====== Entries provided ======

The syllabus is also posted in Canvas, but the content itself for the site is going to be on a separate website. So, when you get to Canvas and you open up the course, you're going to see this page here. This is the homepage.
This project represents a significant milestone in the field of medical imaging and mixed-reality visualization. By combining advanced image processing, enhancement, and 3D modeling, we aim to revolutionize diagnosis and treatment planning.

======
====== Entries provided ======

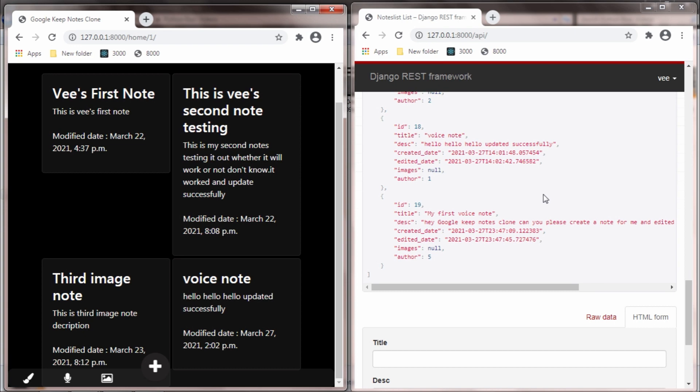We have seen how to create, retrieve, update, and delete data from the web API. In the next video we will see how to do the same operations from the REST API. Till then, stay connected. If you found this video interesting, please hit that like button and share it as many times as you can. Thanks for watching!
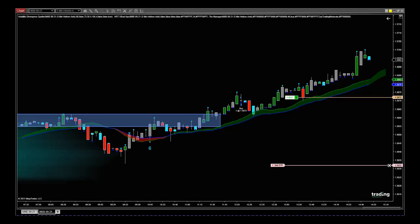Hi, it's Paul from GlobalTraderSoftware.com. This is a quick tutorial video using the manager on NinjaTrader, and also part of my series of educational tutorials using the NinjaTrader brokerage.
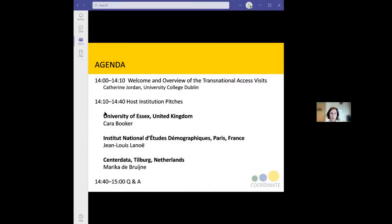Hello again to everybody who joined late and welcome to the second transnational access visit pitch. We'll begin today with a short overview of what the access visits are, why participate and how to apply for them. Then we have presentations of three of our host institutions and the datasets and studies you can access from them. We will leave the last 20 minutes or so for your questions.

======
====== Entries provided ======

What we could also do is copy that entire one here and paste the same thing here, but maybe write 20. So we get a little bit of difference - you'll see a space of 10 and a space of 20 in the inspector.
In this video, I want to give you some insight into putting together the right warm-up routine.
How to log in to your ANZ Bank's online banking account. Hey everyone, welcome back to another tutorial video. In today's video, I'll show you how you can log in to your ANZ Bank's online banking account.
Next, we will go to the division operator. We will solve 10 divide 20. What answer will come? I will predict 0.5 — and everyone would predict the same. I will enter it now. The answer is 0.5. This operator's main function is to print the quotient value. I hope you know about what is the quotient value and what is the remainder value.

======

### What needs to be done:
For this task, write out exactly the lines of the entries above, starting at the line with "What we could" and ending at the line with "Next, we will", both included, and no others.

### Answer area:
What we could also do is copy that entire one here and paste the same thing here, but maybe write 20. So we get a little bit of difference - you'll see a space of 10 and a space of 20 in the inspector.
In this video, I want to give you some insight into putting together the right warm-up routine.
How to log in to your ANZ Bank's online banking account. Hey everyone, welcome back to another tutorial video. In today's video, I'll show you how you can log in to your ANZ Bank's online banking account.
Next, we will go to the division operator. We will solve 10 divide 20. What answer will come? I will predict 0.5 — and everyone would predict the same. I will enter it now. The answer is 0.5. This operator's main function is to print the quotient value. I hope you know about what is the quotient value and what is the remainder value.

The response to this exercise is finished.